Automating aspects of biocuration through biomedical information extraction could significantly impact biomedical research by enabling greater biocuration throughput and improving the feasibility of a wider scope. An important step in biomedical information extraction systems is named entity recognition (NER), where mentions of entities such as proteins and diseases are located within natural-language text and their semantic type is determined. This step is critical for later tasks in an information extraction pipeline, including normalization and relationship extraction. BANNER is a benchmark biomedical NER system using linear-chain conditional random fields and the rich feature set approach. A case study with BANNER locating genes and proteins in biomedical literature is described. The first corpus for disease NER adequate for use as training data is introduced, and employed in a case study of disease NER. The first corpus locating adverse drug reactions (ADRs) in user posts to a health-related social website is also described, and a system to locate and identify ADRs in social media text is created and evaluated. The rich feature set approach to creating NER feature sets is argued to be subject to diminishing returns, implying that additional improvements may require more sophisticated methods for creating the feature set.
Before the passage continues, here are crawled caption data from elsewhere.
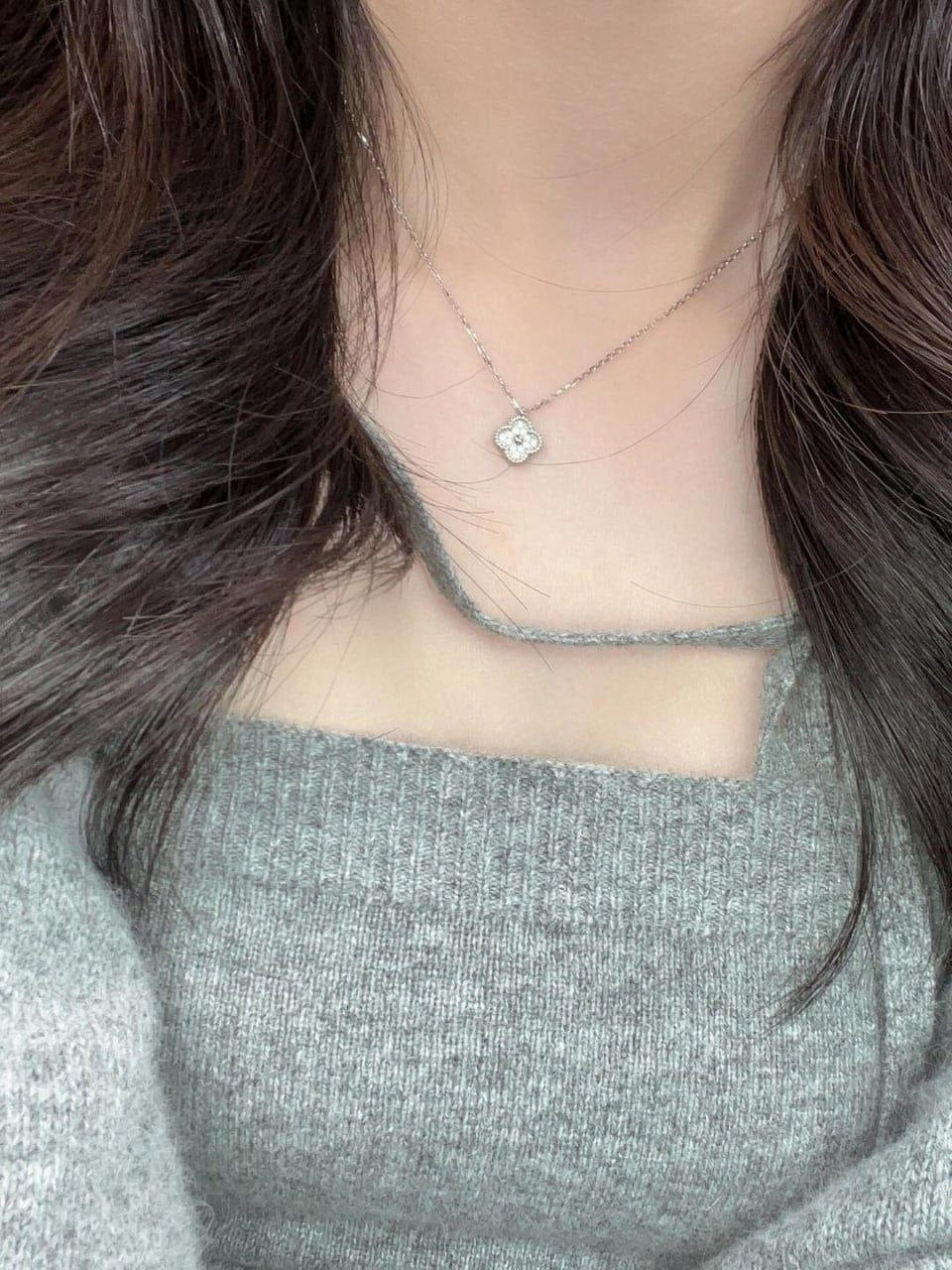 Van Cleef & Arpels Alhambra Pendant
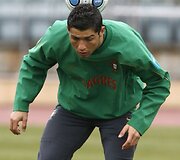 Portugalų futbolo dievukas C.Ronaldo pametė kamuolį.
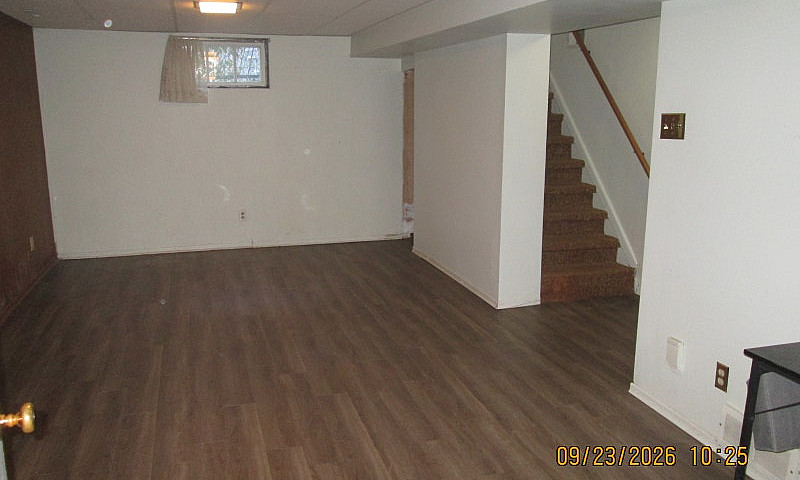 Close To U Of M, 4 B...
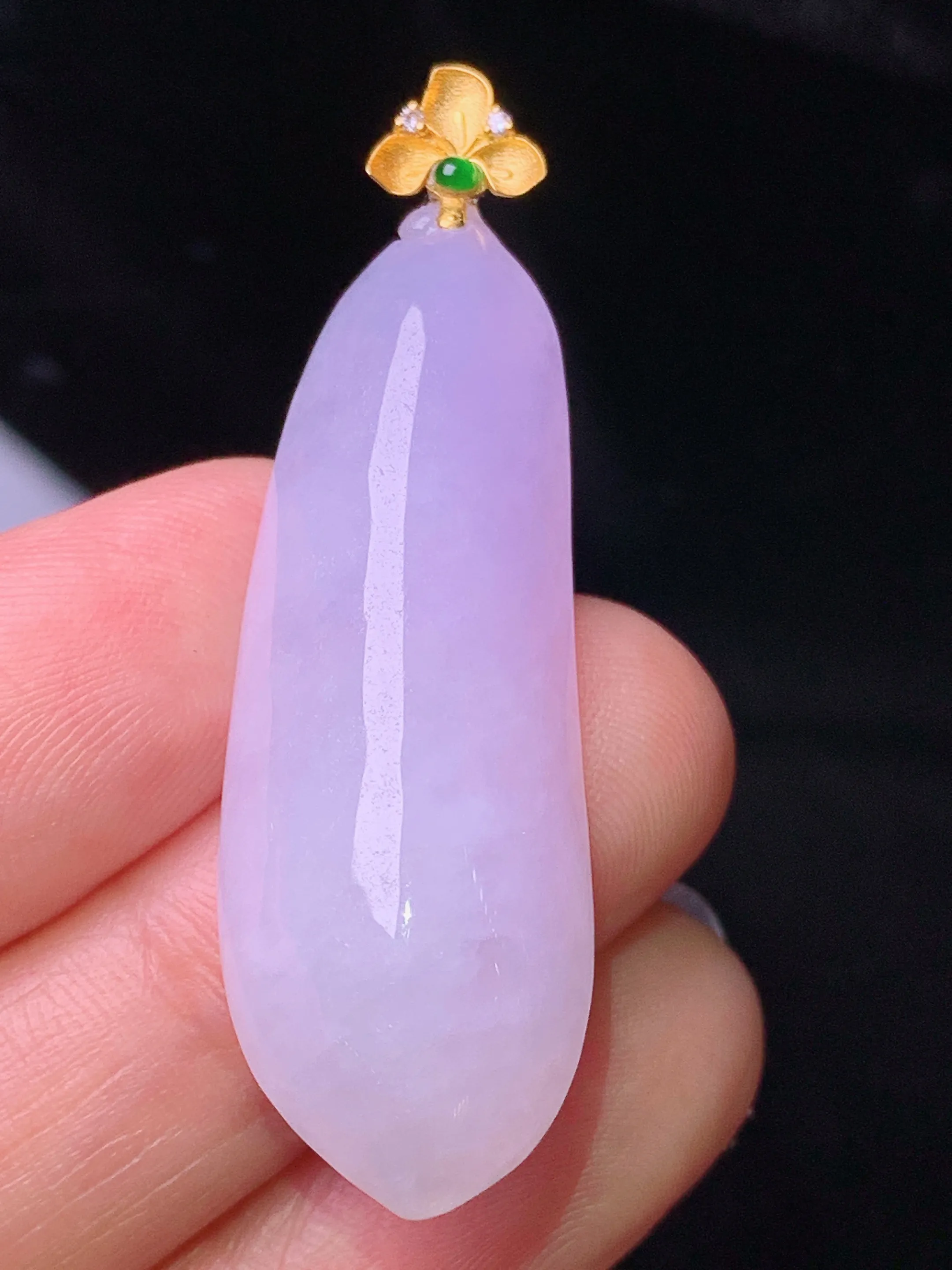 18k金镶嵌紫罗兰福瓜吊坠 玉质细腻 水润亮眼 色泽艳丽 整体尺寸45.5*13.8*9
This motivates the first application of multivariate feature selection with filters and false discovery rate analysis to biomedical NER, resulting in a feature set at least 3 orders of magnitude smaller than the set created by the rich feature set approach. Finally, two novel approaches to NER by modeling the semantics of token sequences are introduced. The first method focuses on the sequence content by using language models to determine whether a sequence resembles entries in a lexicon of entity names or text from an unlabeled corpus more closely. The second method models the distributional semantics of token sequences, determining the similarity between a potential mention and the token sequences from the training data by analyzing the contexts where each sequence appears in a large unlabeled corpus. The second method is shown to improve the performance of BANNER on multiple data sets.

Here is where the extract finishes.